D.C. officials are investigating what caused a
partially demolished wall to collapse onto a
sidewalk barrier built to protect pedestrians from
construction for a new retail and residential
complex along Wisconsin Avenue Thursday.
WASHINGTON – A wall collapsed at a demolition project along a busy D.C. sidewalk Thursday morning and it is raising safety questions.
Contractors were tearing down the wall of an old Giant supermarket in the 3300 block of Wisconsin Avenue in Northwest Washington when the wall fell.
A D.C. official says workers were trying to pull the wall into the construction site when part of it fell the other way, crushing part of a wooden structure built to protect the sidewalk and knocking down a traffic light.
No one was on that part of the sidewalk at the time and no one was injured. The rest of sidewalk along the construction site was shut down while an inspector review what happened.

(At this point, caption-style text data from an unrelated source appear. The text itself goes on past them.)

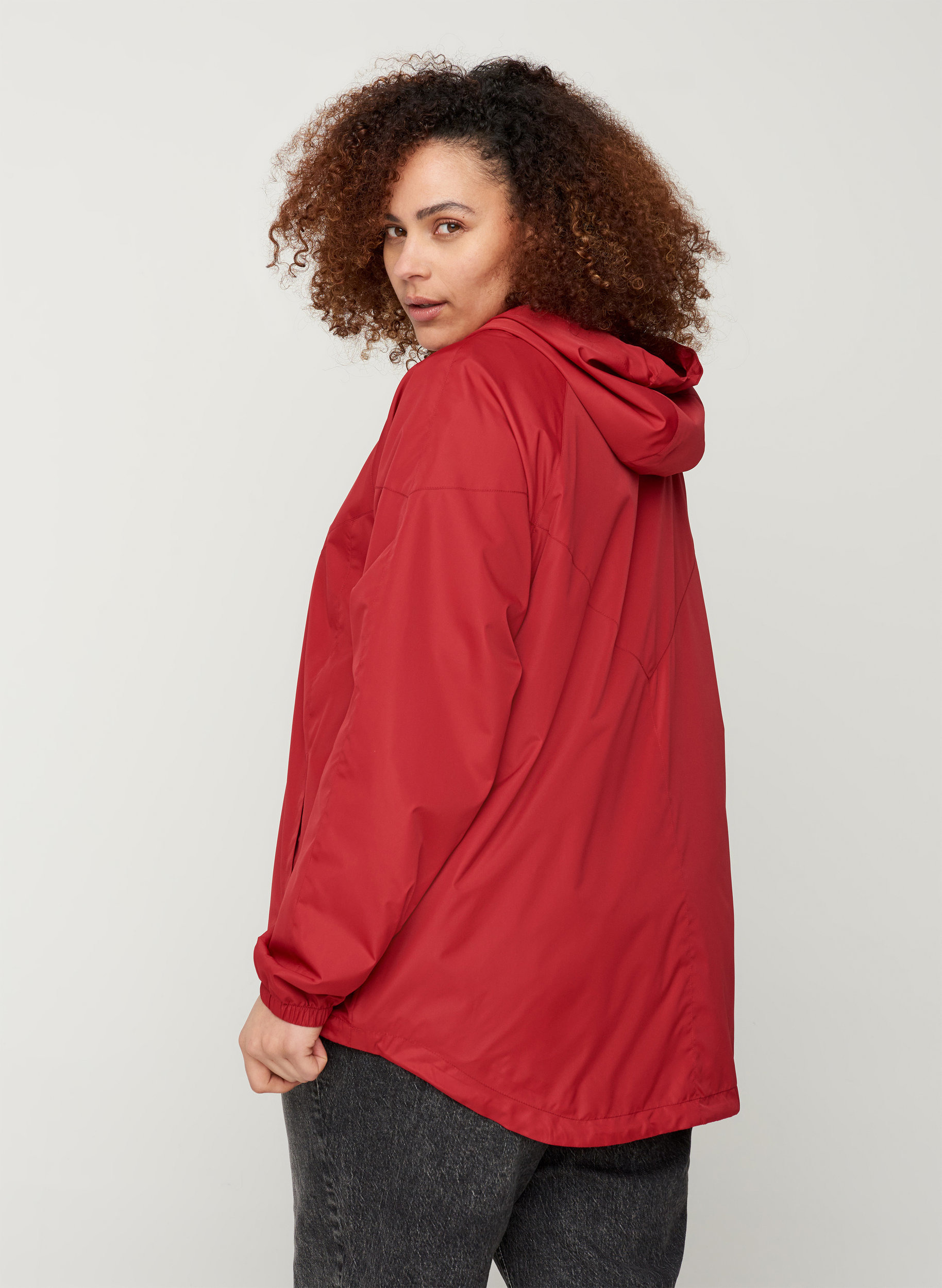 Kort jakke med lynlås og hætte, Rio Red, Model image number 1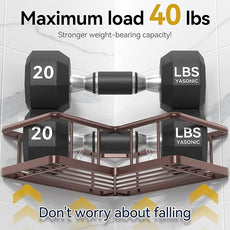 YASONIC Shower Caddy Corner, 3-Pack Adhesive Rustproof Stainless Steel Shower Shelves with Soap Holder, No Drilling Shower Organizer Corner for Dorm, Renters Bathroom, Bronze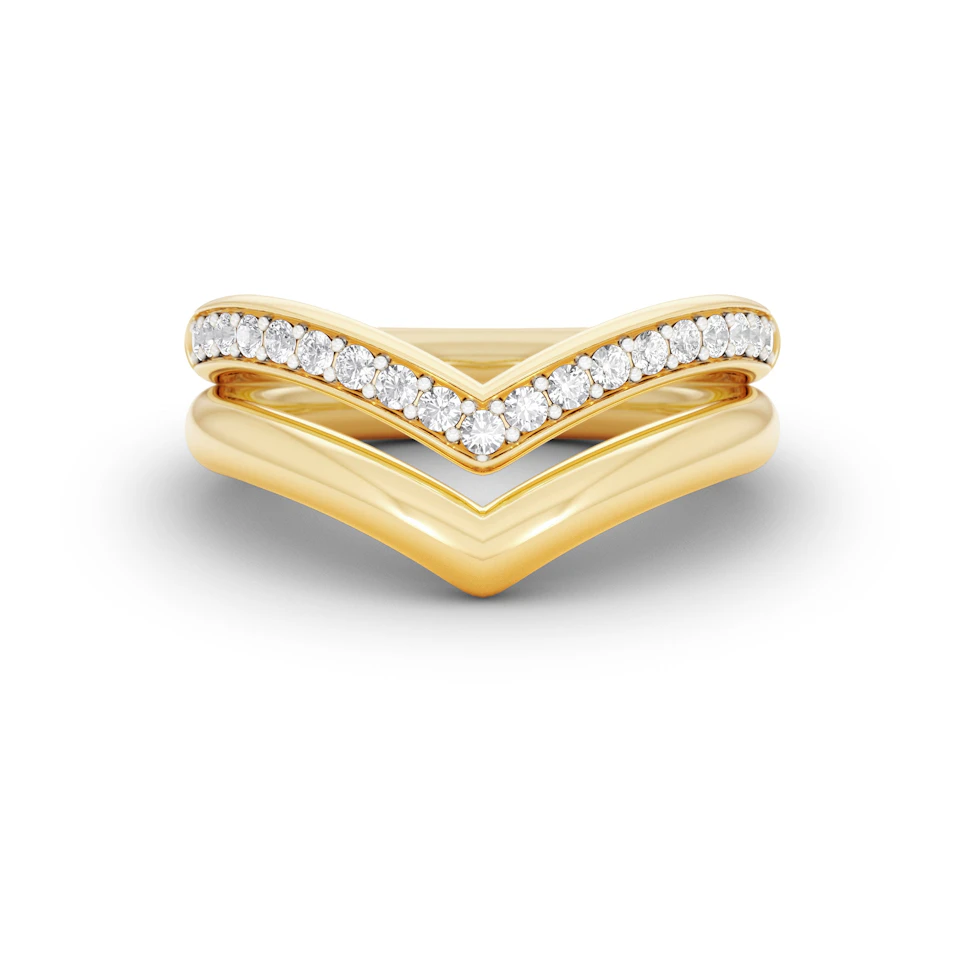 Dual 0.27ct Lab Diamond Stacking Wishbone Ring in 18K Gold Vermeil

Although initial reports indicated the sidewalk was not closed to pedestrians before the demolition, ANC Commissioner Carl Roller said in an email Friday that he spoke with the developer and was assured pedestrian traffic was stopped during the wall removal.
“This was to ensure that during this delicate phase of the demolition, there was no danger to the public and minimal damage to the immediately adjacent structures,” Roller relayed.
The old supermarket, a bank, a drug store and several retail stores are being demolished to prepare for a massive commercial and residential redevelopment project near Newark Street.